So, we’ve hit a huge bump in the road.
Originally, our grand plan was that I was going to attend graduate school online and be able to stay home with a baby for those 2 years. Granted, there would be a 5-week stint on campus, but we figured baby and my mom could come with me, and we would be good to go.
Since we haven’t gotten pregnant yet, though, I also applied to a graduate school about an hour from where we live – a much more prestigious and less-expensive program with connections in our area. And I got in.
I know it doesn’t make sense to continue trying to get pregnant when it would mean having a baby in the middle of my graduate school program. I hate the idea of daycare or even grandma-care from baby’s Day 1. Later, sure, but not in the very beginning. Plus the financial aspect. With the online program I would have been able to continue working until baby was born, but for the on-campus program I won’t be able to work at all. And that puts the financial burden completely on Michelle.
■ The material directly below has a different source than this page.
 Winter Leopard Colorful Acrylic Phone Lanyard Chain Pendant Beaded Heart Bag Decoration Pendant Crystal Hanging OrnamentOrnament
So I am in the impossible position of going to a grad school that will give me a much better education and better job prospects later on, or continuing to try to get pregnant. I want to get the best education possible, but Michelle is heart-broken at the thought of putting off getting pregnant for even another year. She is almost 40, and wants it to happen as soon as possible. I feel awful for even thinking about making her wait. It will be hard for me to wait too, but I’m feeling guilty for it being all on me. Am I being completely selfish if I go to the better program?